The jokes don’t snap in Super Summer’s ‘Forum’

Borscht-belt shtick and old-fashioned farce meet in A Funny Thing Happened on the Way to the Forum, but in Second Star to the Right Productions and Super Summer Theatre’s current production, they don’t add up to laughs.
Jacob Coakley

Two stars

A Funny Thing Happened on the Way to the Forum July 17-19, 23-26, 8 p.m., $13-$20. Super Summer Theatre, Spring Mountain Ranch State Park, supersummertheatre.org.

Borscht-belt shtick and old-fashioned farce (and I mean ancient Rome old-fashioned) meet in the classic musical A Funny Thing Happened on the Way to the Forum. Unfortunately, in Second Star to the Right Productions and Super Summer Theatre’s current production of it, they don’t add up to laughs.

The plot is much too convoluted to be fully explained here, but suffice it to say that in the days of the Roman Empire, Pseudolus (played here by Bruce Block) is the wily slave of the young Hero (a dashing Cory Lloyd), who is in love with the comely girl next door, Philia (a delightful Celina Speights)—except the house next door is a brothel. Pseudolus can earn his freedom if he gets them together, so he sets out to do just that. And wackiness, as they say, ensues.

Or at least it should. While the jokes in Forum are almost as old as theater itself, if done well they can still snap. But timing and characterization are critical, and both are lacking pretty much across the board. Block’s performance is full of large mugging, but it lacks precision in timing and meaning, so while the largest and most obvious jokes are telegraphed, others are left to wither. He’s not alone in this. Stephen Rinck, as Hysterium, a fellow slave who should be a high-strung time bomb, is entirely too even-keeled, and so his jokes are lost.

Tim Bennett directed and choreographed the show—and he misses a wealth of opportunities in staging and choreography, too.
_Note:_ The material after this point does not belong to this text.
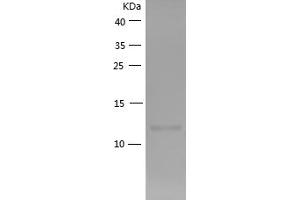 Western Blotting (WB) image for Chemokine (C-C Motif) Ligand 2 (CCL2) (AA 24-96) (Active) protein (His tag) (ABIN7122278)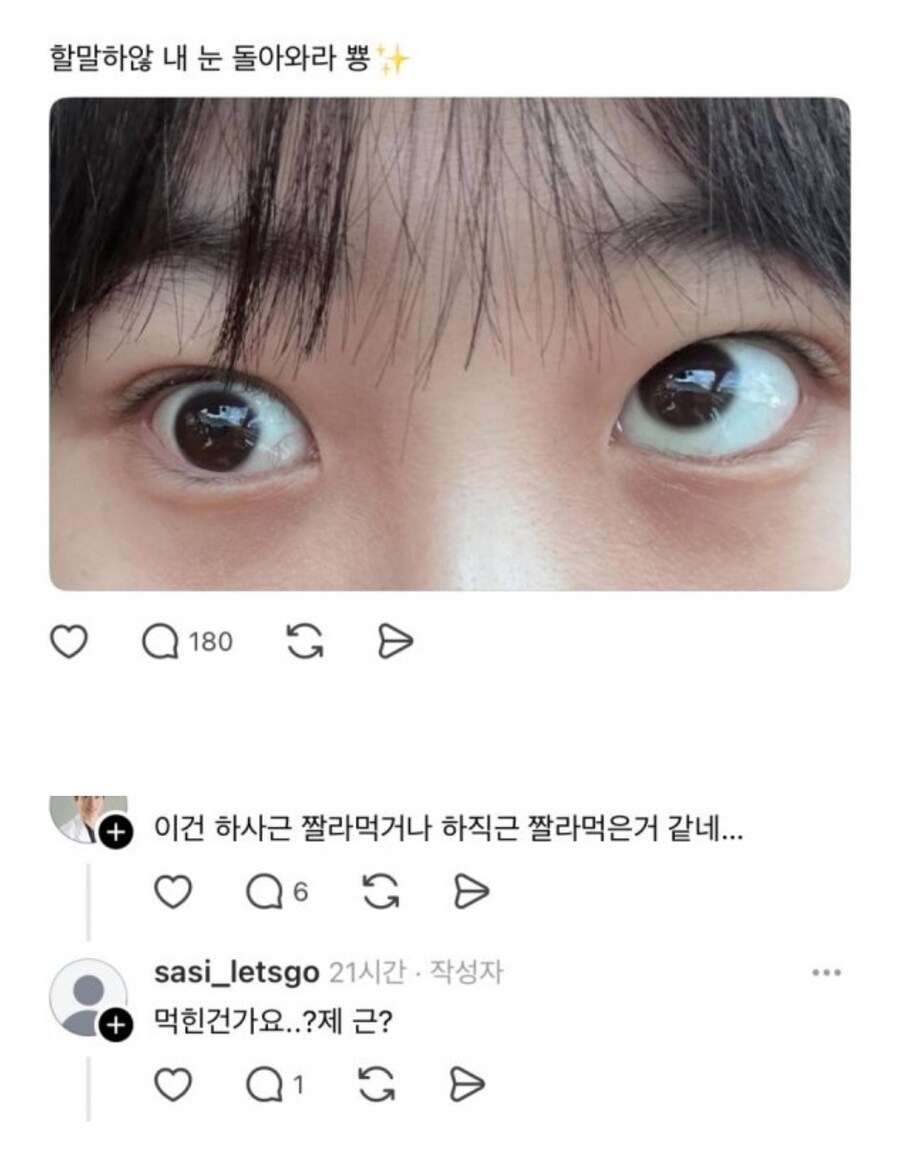 눈밑 지방제거술 후기.jpg_2.jpg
Performers seem loathe to move out of the center of the stage, and for the opening and closing numbers the entire company stands around doing a great deal of hand choreography—which seems a tremendous mistake given the scale of the stage and audience at the Ranch.

It’s not a total loss. Steve Paladie’s sets are delightfully off-kilter and provide a great backdrop for the door-slamming final chase; the Proteans (Steven Dietrich, Rob Tyree and Keaton Johns) are dependably amusing; and some of the jokes do land. But when the biggest laugh of the evening comes from a reference to the other shows taking place this year at Super Summer Theatre, something’s gone wrong.